PROBLEM TO SOLVE: Begin at the line below that holds "1216 County Road C E, Saint Paul, MN 55109" and end at the line that holds "Monte Carlo, Monaco.", transcribing each line exactly and skipping any picture.

==== SOURCE MATERIAL ====

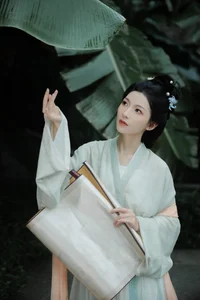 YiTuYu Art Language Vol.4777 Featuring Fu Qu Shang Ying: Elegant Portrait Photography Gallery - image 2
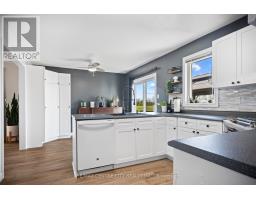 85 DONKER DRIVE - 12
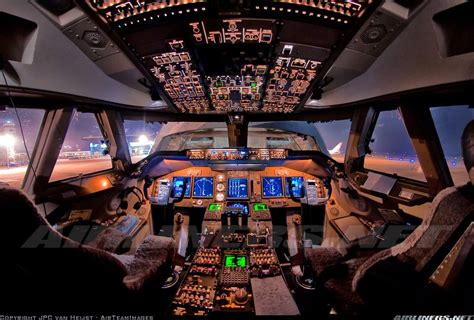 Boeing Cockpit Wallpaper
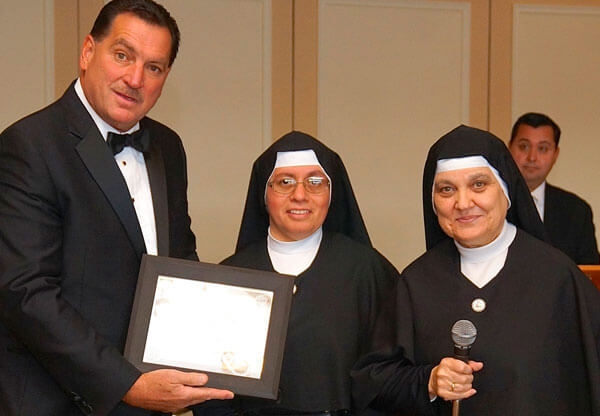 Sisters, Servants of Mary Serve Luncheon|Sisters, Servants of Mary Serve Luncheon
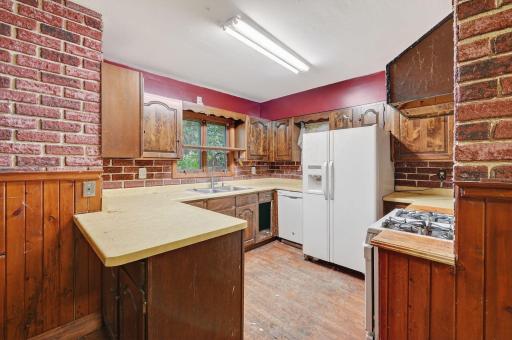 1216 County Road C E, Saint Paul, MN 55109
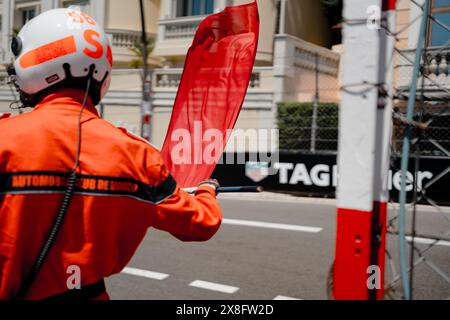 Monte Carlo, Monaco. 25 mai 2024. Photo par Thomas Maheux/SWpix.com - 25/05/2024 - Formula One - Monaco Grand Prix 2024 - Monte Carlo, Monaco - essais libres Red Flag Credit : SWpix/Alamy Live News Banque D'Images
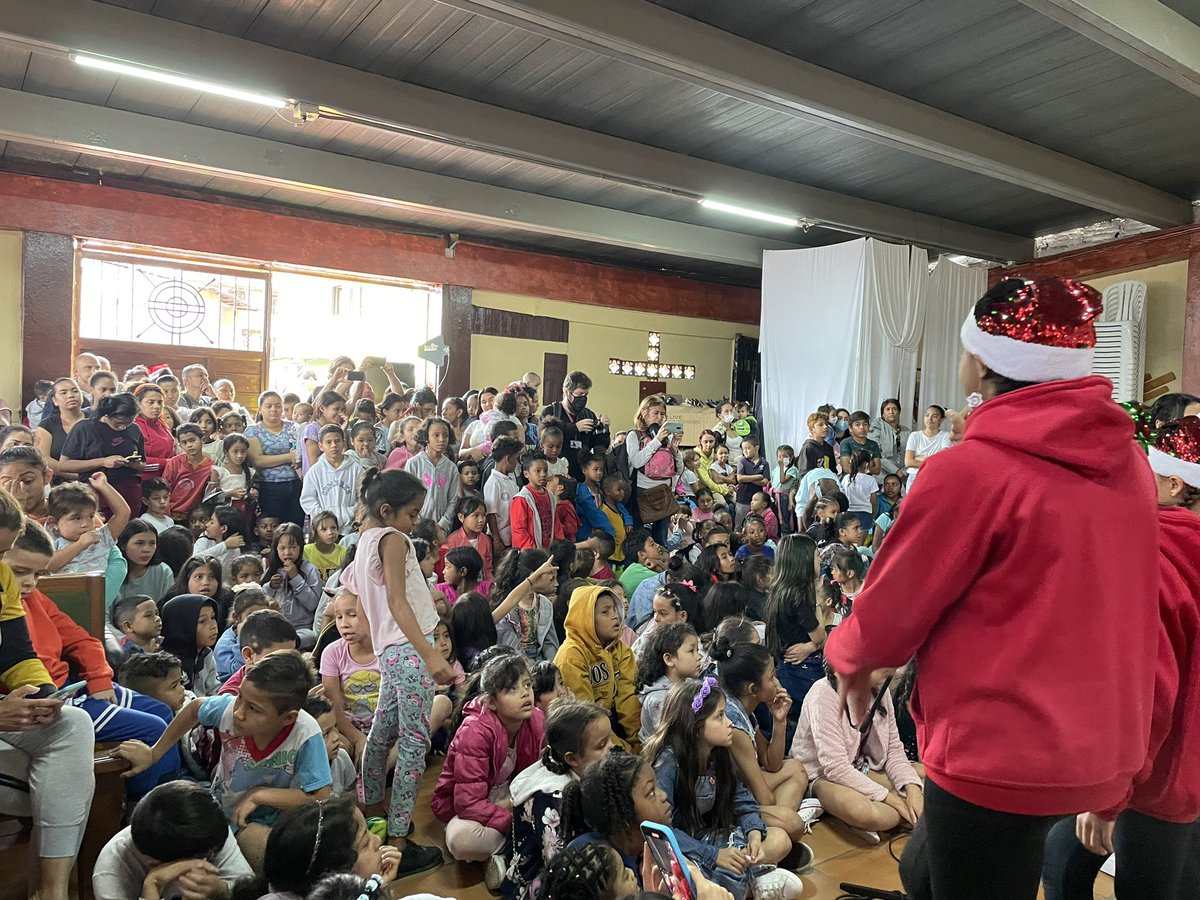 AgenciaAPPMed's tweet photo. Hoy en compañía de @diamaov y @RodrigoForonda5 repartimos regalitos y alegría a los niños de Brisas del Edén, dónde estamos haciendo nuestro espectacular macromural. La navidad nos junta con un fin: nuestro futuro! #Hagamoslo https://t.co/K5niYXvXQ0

====

TASK SOLUTION:
 1216 County Road C E, Saint Paul, MN 55109
 Monte Carlo, Monaco. 25 mai 2024. Photo par Thomas Maheux/SWpix.com - 25/05/2024 - Formula One - Monaco Grand Prix 2024 - Monte Carlo, Monaco - essais libres Red Flag Credit : SWpix/Alamy Live News Banque D'Images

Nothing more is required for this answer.